9 Best-Selling Machine Learning Books Millions Love
Top Machine Learning Books recommended by Kirk Borne, Pratham Prasoon, and Adam Gabriel for proven, best-selling insights




When millions of readers and top experts agree on a book, it signals something worth your attention—especially in a fast-evolving field like machine learning. From automating complex workflows to mastering foundational algorithms, these books capture the breadth and depth of ML knowledge that professionals turn to for guidance and growth.
Experts like Kirk Borne, Principal Data Scientist at Booz Allen, have highlighted classics like Neural Smithing, praising its practical insights into neural networks. Meanwhile, Pratham Prasoon, a self-taught programmer, found Machine Learning with PyTorch and Scikit-Learn invaluable during critical research internships. Their endorsements reflect how these titles resonate deeply within the expert community.

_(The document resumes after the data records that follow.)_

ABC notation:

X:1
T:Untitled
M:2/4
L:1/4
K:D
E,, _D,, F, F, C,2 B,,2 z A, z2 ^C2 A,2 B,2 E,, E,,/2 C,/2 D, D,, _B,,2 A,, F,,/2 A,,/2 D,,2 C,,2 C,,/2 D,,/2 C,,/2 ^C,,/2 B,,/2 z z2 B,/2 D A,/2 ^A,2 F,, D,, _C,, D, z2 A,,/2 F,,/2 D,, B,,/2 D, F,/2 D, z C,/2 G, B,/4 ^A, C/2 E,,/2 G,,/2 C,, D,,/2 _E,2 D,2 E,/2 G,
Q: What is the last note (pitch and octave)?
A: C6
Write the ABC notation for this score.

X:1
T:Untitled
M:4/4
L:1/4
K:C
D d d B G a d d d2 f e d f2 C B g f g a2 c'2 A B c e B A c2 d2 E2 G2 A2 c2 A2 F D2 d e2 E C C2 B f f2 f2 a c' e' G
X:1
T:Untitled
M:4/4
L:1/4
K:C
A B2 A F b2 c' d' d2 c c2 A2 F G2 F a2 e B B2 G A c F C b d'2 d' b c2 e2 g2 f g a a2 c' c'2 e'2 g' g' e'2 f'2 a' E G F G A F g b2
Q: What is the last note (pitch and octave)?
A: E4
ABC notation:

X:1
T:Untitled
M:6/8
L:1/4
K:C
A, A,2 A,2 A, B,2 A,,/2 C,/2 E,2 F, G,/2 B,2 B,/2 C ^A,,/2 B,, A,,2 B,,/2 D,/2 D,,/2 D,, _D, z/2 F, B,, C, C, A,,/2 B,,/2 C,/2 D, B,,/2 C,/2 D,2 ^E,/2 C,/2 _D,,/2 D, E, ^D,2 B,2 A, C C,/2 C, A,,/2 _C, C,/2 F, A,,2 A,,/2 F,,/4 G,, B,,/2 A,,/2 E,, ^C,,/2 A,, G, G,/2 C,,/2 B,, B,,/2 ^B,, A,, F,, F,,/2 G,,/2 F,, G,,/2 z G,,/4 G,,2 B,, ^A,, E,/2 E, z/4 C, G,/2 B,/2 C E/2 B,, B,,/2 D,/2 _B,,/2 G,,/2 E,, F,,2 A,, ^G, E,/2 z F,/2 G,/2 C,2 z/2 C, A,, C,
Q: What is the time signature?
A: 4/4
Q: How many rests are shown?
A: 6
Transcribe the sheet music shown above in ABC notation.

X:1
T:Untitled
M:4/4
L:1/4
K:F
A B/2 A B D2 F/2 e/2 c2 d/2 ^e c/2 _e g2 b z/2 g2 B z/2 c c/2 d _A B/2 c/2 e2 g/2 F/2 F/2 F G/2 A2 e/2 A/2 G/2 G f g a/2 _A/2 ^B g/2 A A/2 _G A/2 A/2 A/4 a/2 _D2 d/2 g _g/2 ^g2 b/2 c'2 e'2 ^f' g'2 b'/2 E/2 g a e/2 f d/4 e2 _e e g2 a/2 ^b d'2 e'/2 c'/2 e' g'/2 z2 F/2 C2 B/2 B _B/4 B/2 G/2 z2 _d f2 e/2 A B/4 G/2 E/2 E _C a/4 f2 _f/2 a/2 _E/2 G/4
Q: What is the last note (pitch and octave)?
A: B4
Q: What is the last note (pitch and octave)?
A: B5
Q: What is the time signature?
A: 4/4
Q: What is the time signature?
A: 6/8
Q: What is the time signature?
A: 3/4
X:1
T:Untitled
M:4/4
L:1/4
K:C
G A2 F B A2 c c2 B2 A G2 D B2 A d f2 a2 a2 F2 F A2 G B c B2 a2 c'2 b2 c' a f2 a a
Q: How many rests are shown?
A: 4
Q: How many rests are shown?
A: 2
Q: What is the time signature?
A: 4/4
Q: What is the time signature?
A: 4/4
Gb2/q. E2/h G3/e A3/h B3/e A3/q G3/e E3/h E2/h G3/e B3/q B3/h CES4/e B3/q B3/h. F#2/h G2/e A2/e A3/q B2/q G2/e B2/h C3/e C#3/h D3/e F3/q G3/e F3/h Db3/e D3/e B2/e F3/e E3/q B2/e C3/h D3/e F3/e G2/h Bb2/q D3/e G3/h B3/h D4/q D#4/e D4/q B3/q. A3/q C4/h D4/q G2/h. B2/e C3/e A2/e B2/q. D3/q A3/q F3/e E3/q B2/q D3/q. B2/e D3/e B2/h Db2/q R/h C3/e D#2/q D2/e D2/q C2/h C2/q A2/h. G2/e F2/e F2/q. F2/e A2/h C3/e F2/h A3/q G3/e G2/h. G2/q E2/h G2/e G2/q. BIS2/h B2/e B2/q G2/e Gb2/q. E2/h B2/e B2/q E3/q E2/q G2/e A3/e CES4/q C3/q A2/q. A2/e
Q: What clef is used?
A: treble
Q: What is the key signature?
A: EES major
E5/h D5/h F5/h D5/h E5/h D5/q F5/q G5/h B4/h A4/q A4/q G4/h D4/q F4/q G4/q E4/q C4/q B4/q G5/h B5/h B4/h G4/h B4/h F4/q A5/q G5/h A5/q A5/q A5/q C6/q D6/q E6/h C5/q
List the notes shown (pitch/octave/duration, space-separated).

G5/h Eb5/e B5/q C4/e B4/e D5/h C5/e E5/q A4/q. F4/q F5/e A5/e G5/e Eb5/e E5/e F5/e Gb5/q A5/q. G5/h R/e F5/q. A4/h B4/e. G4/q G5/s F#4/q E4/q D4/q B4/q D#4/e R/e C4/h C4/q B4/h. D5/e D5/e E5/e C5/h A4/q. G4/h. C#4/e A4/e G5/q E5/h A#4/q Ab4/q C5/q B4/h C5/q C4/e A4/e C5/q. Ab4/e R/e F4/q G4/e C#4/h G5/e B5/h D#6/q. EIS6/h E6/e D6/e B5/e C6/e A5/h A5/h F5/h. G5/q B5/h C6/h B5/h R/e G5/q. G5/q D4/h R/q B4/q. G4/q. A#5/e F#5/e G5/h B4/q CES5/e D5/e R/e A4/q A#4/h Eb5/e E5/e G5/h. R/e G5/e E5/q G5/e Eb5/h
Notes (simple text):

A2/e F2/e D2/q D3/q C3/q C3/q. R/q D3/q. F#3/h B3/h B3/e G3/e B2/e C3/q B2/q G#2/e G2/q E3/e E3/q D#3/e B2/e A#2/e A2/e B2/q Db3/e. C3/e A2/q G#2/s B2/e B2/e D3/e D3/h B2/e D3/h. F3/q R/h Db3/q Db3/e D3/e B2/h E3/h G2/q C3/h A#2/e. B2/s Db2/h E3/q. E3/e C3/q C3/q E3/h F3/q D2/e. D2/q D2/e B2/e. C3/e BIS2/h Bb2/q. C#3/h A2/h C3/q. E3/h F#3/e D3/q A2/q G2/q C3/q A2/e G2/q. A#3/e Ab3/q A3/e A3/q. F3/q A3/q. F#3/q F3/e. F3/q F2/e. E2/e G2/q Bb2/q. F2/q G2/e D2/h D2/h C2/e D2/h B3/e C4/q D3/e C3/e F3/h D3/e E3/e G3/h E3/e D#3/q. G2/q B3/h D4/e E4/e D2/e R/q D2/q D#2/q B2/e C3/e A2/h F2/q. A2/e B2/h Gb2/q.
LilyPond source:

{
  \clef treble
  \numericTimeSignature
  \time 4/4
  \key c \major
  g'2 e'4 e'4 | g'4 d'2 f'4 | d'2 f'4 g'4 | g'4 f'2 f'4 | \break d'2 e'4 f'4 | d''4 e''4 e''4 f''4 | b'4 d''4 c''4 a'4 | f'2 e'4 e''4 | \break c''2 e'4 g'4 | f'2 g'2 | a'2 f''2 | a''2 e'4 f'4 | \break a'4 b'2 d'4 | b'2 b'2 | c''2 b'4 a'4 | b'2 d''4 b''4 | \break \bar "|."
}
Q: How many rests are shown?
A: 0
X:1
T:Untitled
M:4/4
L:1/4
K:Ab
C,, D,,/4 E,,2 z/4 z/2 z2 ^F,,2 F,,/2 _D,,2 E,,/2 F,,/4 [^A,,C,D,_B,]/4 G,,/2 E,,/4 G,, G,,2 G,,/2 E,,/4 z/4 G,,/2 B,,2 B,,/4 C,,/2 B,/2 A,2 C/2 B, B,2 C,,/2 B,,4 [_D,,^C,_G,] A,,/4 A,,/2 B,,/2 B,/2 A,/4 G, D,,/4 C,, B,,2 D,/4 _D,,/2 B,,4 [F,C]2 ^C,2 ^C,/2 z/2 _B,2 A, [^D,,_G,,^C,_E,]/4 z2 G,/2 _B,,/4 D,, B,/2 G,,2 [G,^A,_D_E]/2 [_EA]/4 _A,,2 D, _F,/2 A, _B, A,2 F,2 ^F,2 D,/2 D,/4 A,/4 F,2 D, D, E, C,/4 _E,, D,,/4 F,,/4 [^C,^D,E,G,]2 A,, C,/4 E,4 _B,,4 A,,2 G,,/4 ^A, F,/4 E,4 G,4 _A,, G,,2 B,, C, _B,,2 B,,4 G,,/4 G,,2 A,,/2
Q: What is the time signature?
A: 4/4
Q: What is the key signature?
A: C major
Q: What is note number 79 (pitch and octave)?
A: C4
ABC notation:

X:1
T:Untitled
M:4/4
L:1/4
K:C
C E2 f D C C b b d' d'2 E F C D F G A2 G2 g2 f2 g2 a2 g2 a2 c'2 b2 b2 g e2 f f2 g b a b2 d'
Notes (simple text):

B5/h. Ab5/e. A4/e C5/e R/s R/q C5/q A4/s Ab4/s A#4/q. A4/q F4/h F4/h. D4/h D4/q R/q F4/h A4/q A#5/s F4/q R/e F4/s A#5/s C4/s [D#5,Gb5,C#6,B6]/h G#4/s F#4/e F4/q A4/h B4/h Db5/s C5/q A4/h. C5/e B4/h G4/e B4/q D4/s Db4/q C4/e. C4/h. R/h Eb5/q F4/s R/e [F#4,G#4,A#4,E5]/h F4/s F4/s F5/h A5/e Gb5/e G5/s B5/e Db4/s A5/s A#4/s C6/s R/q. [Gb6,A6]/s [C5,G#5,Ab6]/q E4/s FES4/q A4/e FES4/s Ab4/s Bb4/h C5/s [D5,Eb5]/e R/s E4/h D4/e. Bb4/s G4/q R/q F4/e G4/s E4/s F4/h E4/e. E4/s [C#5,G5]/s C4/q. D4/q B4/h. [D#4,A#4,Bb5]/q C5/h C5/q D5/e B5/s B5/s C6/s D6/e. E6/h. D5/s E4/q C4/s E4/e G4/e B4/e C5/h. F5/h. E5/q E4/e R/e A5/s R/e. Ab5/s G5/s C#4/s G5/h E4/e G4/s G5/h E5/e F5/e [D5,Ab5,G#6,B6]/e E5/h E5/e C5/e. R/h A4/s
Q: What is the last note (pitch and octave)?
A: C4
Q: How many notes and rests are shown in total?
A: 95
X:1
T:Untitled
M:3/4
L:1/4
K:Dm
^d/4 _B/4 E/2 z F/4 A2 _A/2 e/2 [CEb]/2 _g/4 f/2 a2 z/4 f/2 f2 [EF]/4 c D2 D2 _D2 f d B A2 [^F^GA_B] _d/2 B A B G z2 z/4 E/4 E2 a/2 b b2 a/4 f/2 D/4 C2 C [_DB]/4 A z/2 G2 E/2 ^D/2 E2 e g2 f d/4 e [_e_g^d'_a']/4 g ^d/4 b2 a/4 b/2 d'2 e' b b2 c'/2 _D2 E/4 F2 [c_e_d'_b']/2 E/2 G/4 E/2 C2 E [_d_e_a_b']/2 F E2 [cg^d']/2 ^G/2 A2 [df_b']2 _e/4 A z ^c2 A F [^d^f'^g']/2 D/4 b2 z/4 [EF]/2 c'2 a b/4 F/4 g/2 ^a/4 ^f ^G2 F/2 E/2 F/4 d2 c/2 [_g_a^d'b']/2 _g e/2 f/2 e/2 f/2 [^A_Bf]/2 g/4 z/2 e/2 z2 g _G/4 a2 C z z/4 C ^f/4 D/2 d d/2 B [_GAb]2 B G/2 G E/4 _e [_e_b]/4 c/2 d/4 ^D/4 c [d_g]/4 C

While these popular books provide proven frameworks, readers seeking content tailored to their specific Machine Learning needs might consider creating a personalized Machine Learning book that combines these validated approaches into a focused, custom learning path.
Recommended by Kirk Borne
Principal Data Scientist at BoozAllen
“5-★ DataScientists should enjoy this classic MachineLearning book! Neural Smithing — Supervised Learning in Feedforward Artificial NeuralNetworks” (from X)
by Russell D. Reed, Robert J. Marks II··You?
by Russell D. Reed, Robert J. Marks II··You?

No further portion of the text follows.